Thanks in advance for any help you can provide. I have a dataset containing some healthcare data and am trying my hand at using python for EDA/regression modeling on the set. I have one date column [date_of_incident] with a lot of the data missing or incorrect. I also have a [treatment_date] column that has accurate information. I have converted both columns to datetime and created a new column: [dt_diff]=[treatment_date]-[date_of_incident] to find out how many days between the two columns.
I want to use the average of [dt_diff] to impute new dates in the [date_of_incident] column. Basically [new_date_of_incident]=[treatment_date]-[dt_diff].mean(), but I do not want to replace all of the dates in the column. Just the missing or incorrect ones.

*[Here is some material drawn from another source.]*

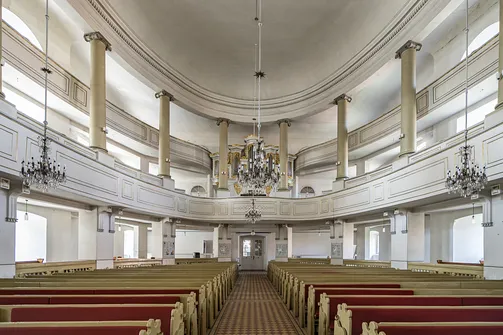 Kościół Zbawiciela w Wałbrzychu – klasycyzm autorstwa Langhansa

For the sake of an example, say the average of [dt_diff] is 7 days. Case A's [date_of_incident] is NaN and has a [treatment_date] of 5/17/2025, Case B's [date_of_incident] is 6/30/1965 and has a [treatment_date] of 5/20/2025. What is the best way for me to change Case A's [date_of_incident] to 5/10/2025 and Case B's [date_of_incident] to 5/13/2025, but for well over 1,000 rows? The dataset is not large enough for me to drop these rows and that column is important to the goal of the analysis.
I calculated the average of [dt_diff] and just don't know how to proceed. I'm a super noob to python coding.
pandas?